(Short text fragments from websites)
Segment Open

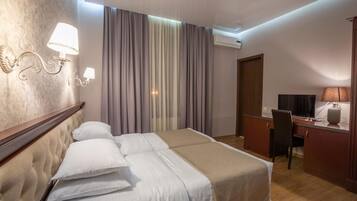 ์คํ ๋ค๋ ๋๋ธ๋ฃธ ๋๋ ํธ์๋ฃธ | 1 ๊ฐ์ ์นจ์ค, ๋ฏธ๋๋ฐ, ์๋ง ์ปคํผ, ๋ฐฉ์ ์ค๋น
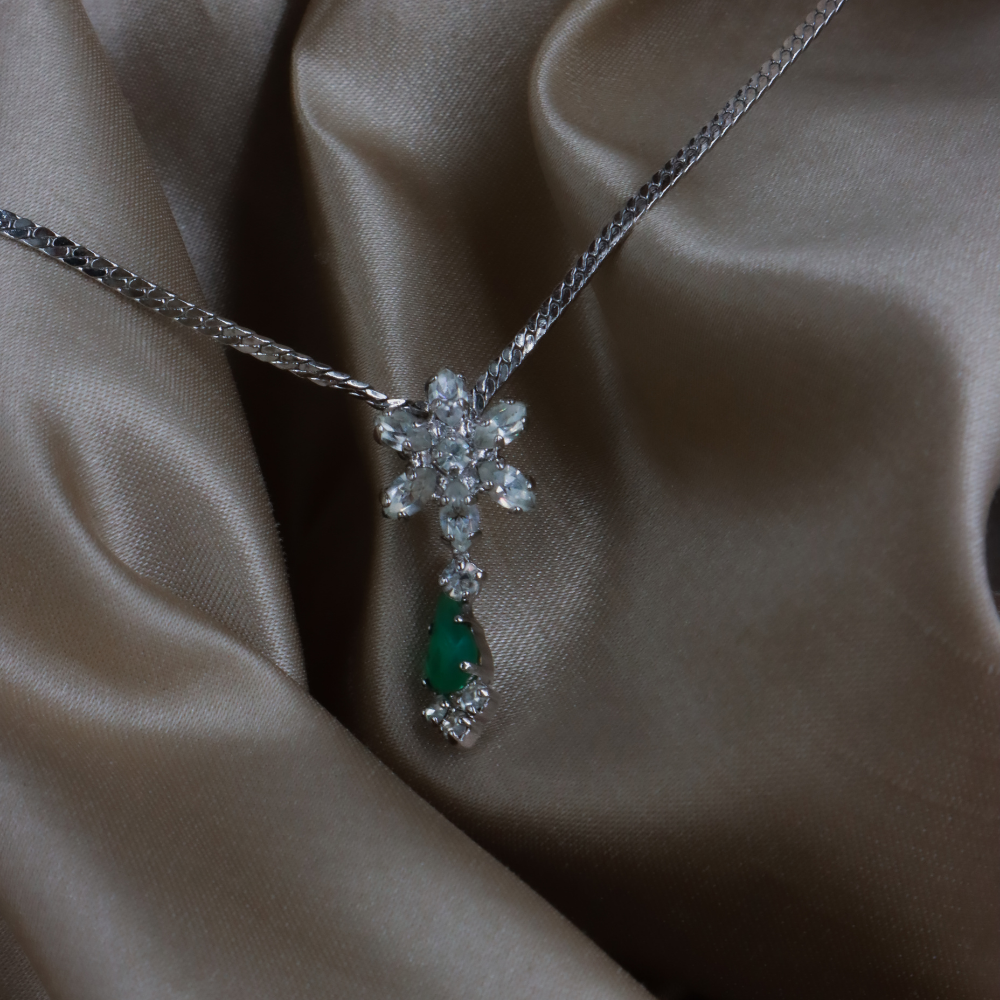 CHRISTIAN DIOR 雪花水鑽拼祖母綠吊墜頸鏈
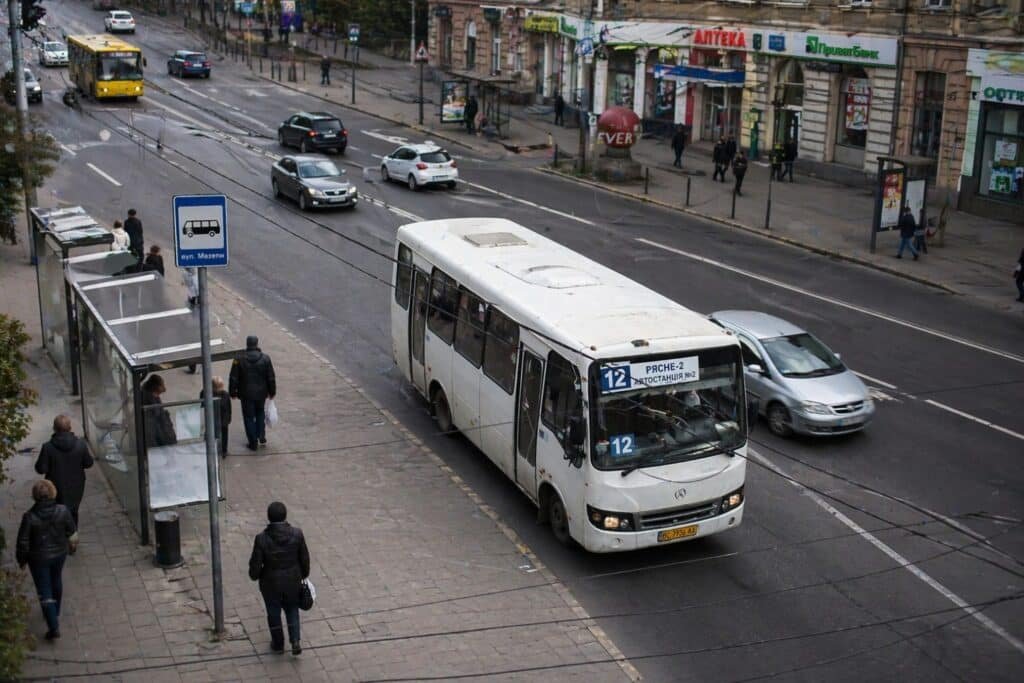 маршрутка 12 Львів на зупинці Мазепи вигляд зверху автобус Рясне-2 Автостанція №2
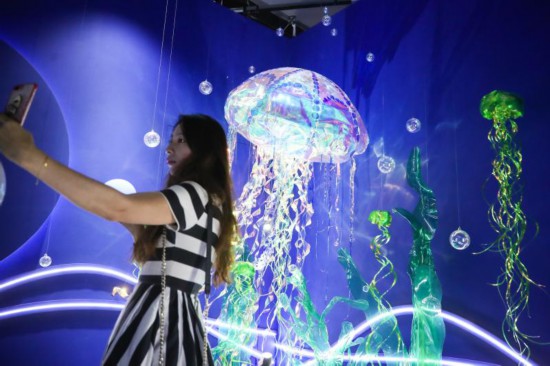 兴业太古汇化身夏日清凉疗愈地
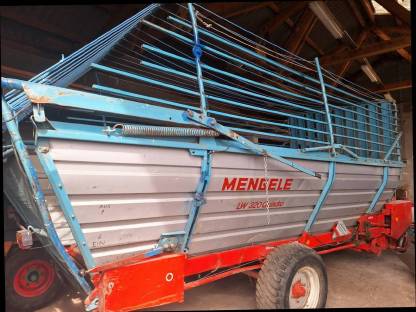 Mengele Ladewagen LW 320 Quatro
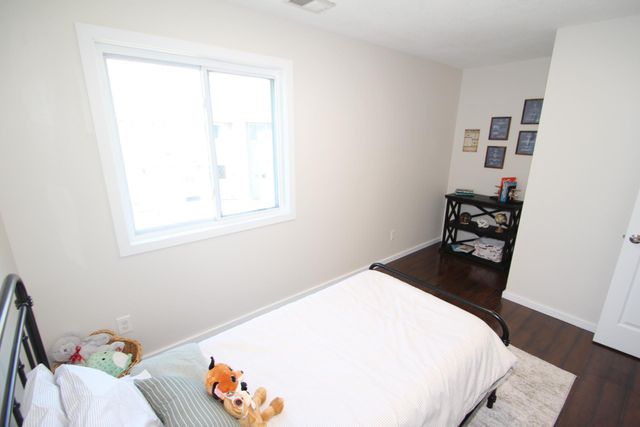 410 Livingston Avenue, Saint Paul, MN 55107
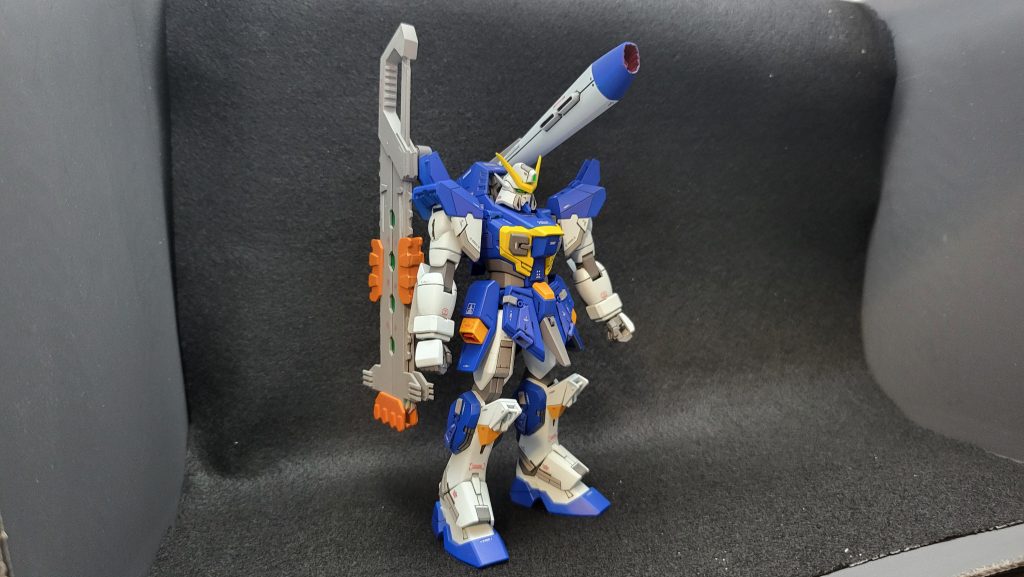 マイティーソードは背中のハンガーに脱着可能。接続は100均のネオジム磁石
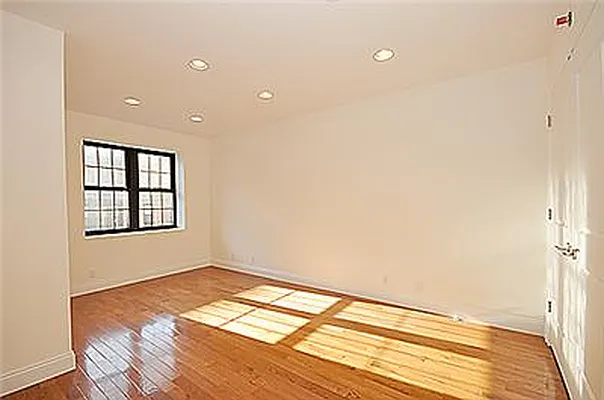 Rented by Park River | media 26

Segment Closed

### TASK STATEMENT
Each line of the data must be restated exactly, and the pictures must be left out.

### REPLY
 ์คํ ๋ค๋ ๋๋ธ๋ฃธ ๋๋ ํธ์๋ฃธ | 1 ๊ฐ์ ์นจ์ค, ๋ฏธ๋๋ฐ, ์๋ง ์ปคํผ, ๋ฐฉ์ ์ค๋น
 CHRISTIAN DIOR 雪花水鑽拼祖母綠吊墜頸鏈
 маршрутка 12 Львів на зупинці Мазепи вигляд зверху автобус Рясне-2 Автостанція №2
 兴业太古汇化身夏日清凉疗愈地
 Mengele Ladewagen LW 320 Quatro
 410 Livingston Avenue, Saint Paul, MN 55107
 マイティーソードは背中のハンガーに脱着可能。接続は100均のネオジム磁石
 Rented by Park River | media 26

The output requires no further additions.